A brilliant and exhilarating sequence of aphorisms from one of our greatest essayists.
There will come a time when people decide you've had enough of your grief, and they'll try to take it away from you.
Bad art is from no one to no one.
Am I happy? Damned if I know, but give me a few minutes and I'll tell you whether you are.
Thank heaven I don't have my friends' problems. But sometimes I notice an expression on one of their faces that I recognize as secret gratitude.
I read sad stories to inoculate myself against grief. I watch action movies to identify with the quick-witted heroes. Both the same fantasy: I'll escape the worst of it.
--from 300 Arguments
A 'Proustian minimalist on the order of Lydia Davis' (Kirkus Reviews), Sarah Manguso is one of the finest literary artists at work today. To read her work is to witness acrobatic acts of compression in the service of extraordinary psychological and spiritual insight.
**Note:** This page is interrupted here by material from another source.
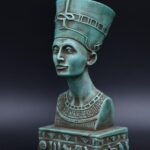 Queen Nefertiti Statuette: Egyptian Home Decor Replica - صورة إضافية 5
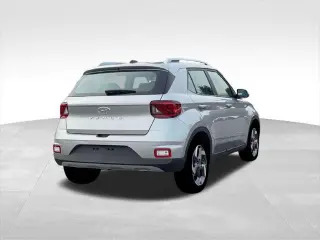Hyundai VENUE 2026 SEL 4dr Crossover con Techo de Dos Tonos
300 Arguments, a foray into the frontier of contemporary non-fiction writing, is at first glance a group of unrelated aphorisms, but the pieces reveal themselves as a masterful arrangement that steadily gathers power. Manguso's arguments about desire, ambition, relationships, and failure are pithy, unsentimental, and defiant, and they add up to an unexpected and renegade wisdom literature.
Has your phone utterly destroyed your concentration span? This is the book for you. What at first seems like 300 unrelated aphorisms ("I notice a dangling modifier in a friend's professional bio and don't tell him. It is nothing less than sabotage") grows into a universal world view, a profound philosophy and some very funny POVs with which to read aloud and torment your travelling companion. It may even inspire you to write your own.